Your assignment: Your task is to transcribe all of the records exactly and leave out the pictures.

Recorded information:
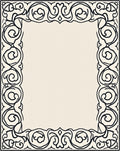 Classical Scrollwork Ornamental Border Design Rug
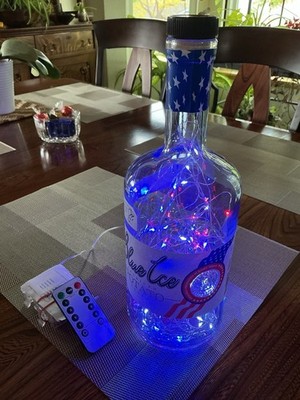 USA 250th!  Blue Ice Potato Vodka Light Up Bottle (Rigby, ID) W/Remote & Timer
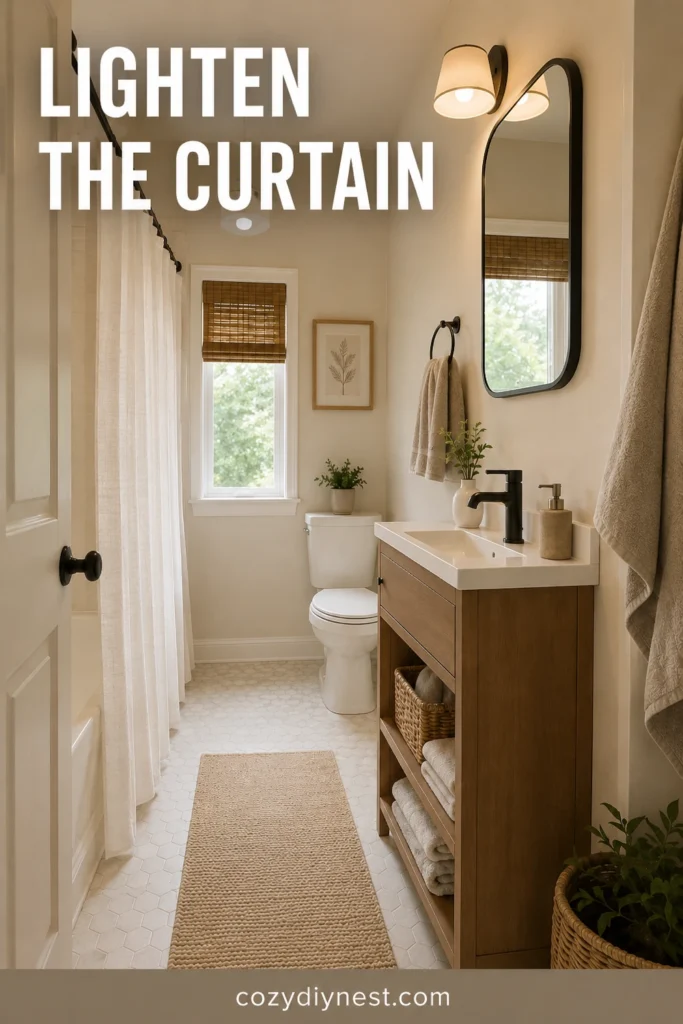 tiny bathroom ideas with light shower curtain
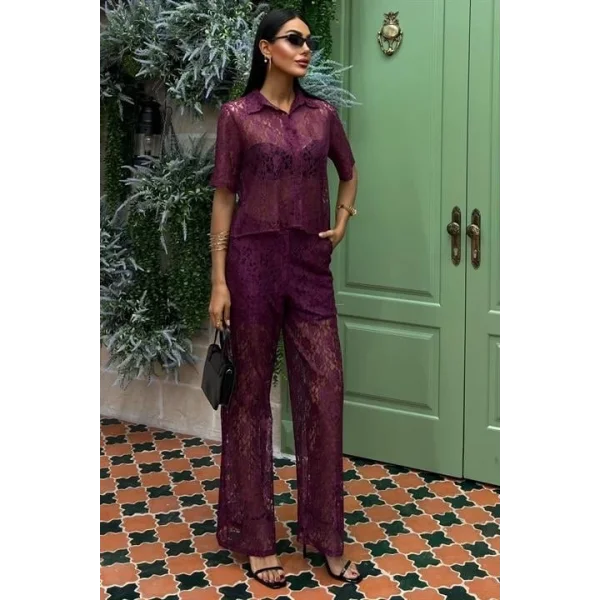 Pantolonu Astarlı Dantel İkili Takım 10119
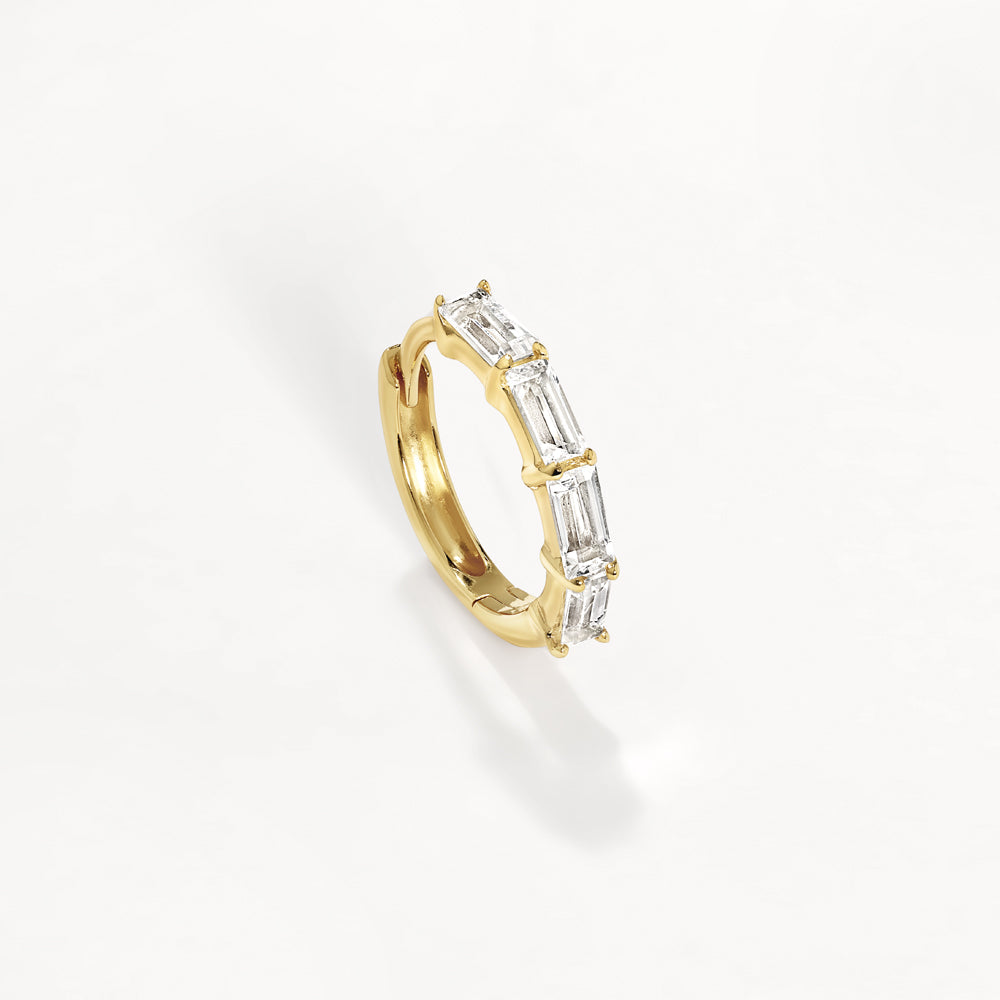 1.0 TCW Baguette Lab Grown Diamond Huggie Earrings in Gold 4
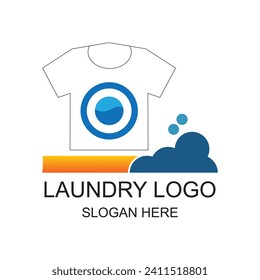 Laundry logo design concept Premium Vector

The completed task:
 Classical Scrollwork Ornamental Border Design Rug
 USA 250th!  Blue Ice Potato Vodka Light Up Bottle (Rigby, ID) W/Remote & Timer
 tiny bathroom ideas with light shower curtain
 Pantolonu Astarlı Dantel İkili Takım 10119
 1.0 TCW Baguette Lab Grown Diamond Huggie Earrings in Gold 4
 Laundry logo design concept Premium Vector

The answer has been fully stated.